EXERCISE BRIEF: Give an exact copy of the lines of the records below, starting at the line containing "kitchen with an" and running to the end.

■ ■ ■ ■ ■

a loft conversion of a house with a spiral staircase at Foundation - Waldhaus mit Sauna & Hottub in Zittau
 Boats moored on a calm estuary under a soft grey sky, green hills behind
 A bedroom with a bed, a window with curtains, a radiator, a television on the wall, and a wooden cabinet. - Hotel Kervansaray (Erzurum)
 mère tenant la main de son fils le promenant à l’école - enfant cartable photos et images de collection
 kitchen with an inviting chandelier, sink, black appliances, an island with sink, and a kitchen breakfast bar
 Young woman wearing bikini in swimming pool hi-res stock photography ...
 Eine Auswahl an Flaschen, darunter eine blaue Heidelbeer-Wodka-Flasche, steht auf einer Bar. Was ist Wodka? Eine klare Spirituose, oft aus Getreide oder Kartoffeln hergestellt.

■ ■ ■ ■ ■

COMPLETED TASK:
 kitchen with an inviting chandelier, sink, black appliances, an island with sink, and a kitchen breakfast bar
 Young woman wearing bikini in swimming pool hi-res stock photography ...
 Eine Auswahl an Flaschen, darunter eine blaue Heidelbeer-Wodka-Flasche, steht auf einer Bar. Was ist Wodka? Eine klare Spirituose, oft aus Getreide oder Kartoffeln hergestellt.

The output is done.